Photo by Maxx Wolfson/Getty Images

If you didn’t hear the news Tuesday, NCAA President Mark Emmert has finally given up and will step down no later than June 30, 2023.

If you try to find someone defending his tenure, well, good luck. The NCAA is a fractious organization rife with conflicts and rivalries but it is united on this: Emmert has been a terrible leader.

It’s hard to imagine anyone who could have done worse, and it all comes at a very difficult time for the NCAA.

Problems are erupting all over. NIL was mandated by the courts and there is no structure to deal with it. The major conferences have every incentive to split away from the rest of D-1. No one has even begun to address NIL and Title IX and enforcement, on the most basic level, has broken down. When UNC can walk away from years of academic fraud and Kansas can win a basketball championship despite being involved in the Adidas scandal up to its little birdy eyeball, something has really gone wrong.

There are enormous challenges for the next president and frankly, an organization that gave Emmert an extension despite his obvious incompetence...well, it doesn’t really seem like a visionary group.

And at this point, it needs to be, or at least whoever is running the search needs to be. The next president will need to be someone who is not just visionary but pragmatic, flexible and diplomatic.

Elon Musk is going to be busy for the near future so he’s out and he’s not particularly diplomatic anyway. Beyond that? We can think of a few candidates.

  • Barack Obama. He’s a huge sports fan and obviously has executive experience. He’s probably bored too.
  • Mike Krzyzewski. He wouldn’t take this on at 75, but he has the communication and organizational skills to push things in the right direction. We’d try hard to involve him in the search process.
  • Adam Silver. There’s no particular reason why he would take on this big headache, but he’s shown that he can challenge inertia and shake things up in interesting ways. We’d ask and then ask who he would recommend.
  • Mark Cuban. Again, not a serious candidate but who knows? He might like the challenge and he has a long track record of innovation and pushing boundaries.
  • Ivy League Commissioner Robin Green. She has NCAA experience, she’s smart and has been a solid leader for the Ivy League. It would be a smart start for addressing equity concerns too.
  • Pac-12 Commissioner George Kliavkoff.
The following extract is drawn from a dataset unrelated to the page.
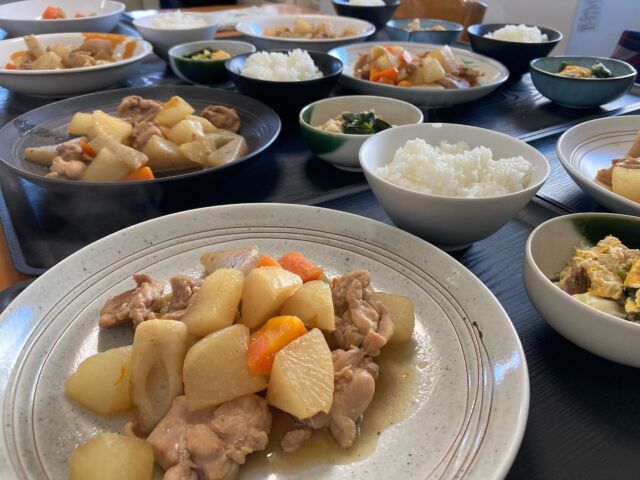 こんにちは！毎度ありがとうございます😊和と話(わとわ)食堂です🍚最近の手づくりお昼ごはんです🏠😊#和と話 #生活介護事業所 #福祉 #障がい福祉 #ウェルビーイング #箕面市 #牧落 #箕面すたぐらむ  #地域活性化 #コミュニティスペース #精神 #ひきこもり #あきらめない心 #笑顔 #仲間  #居場所 #私は私#コミュニケーション #ライフデザイン #サスティナブル #自然と暮らす #アニマルウェルフェア #フードロス #食べることは生きること #お昼ごはん #手づくり #スパイスカレー #野菜 #和食 お昼12時みんなの#いただきます の声が元気な和と話より🌈🏠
He was a very interesting hire for the PAC-12, coming as he did from the entertainment world. He’d probably be a better choice than another college president.
  • Jay Bilas. Perhaps the most prominent and consistent NCAA critic, Bilas is smart, has superb communication skills and without question has moved the conversation about the future of the NCAA immensely. We don’t know if he has the organizational skills to take this on, but he’d be a fascinating choice. And unlike Emmert, he’d know if he had failed and should step aside.

Most of our suggestions come from the basketball world because we know those people best but there’s no need to limit it obviously. We were joking about Musk of course, but there are plenty of talented men and women in the business world who could approach the NCAA with fresh eyes. And we realize that football will drive most of this.

The question is who seriously believes they could succeed. It may be that the best move is to blow it all up and start over.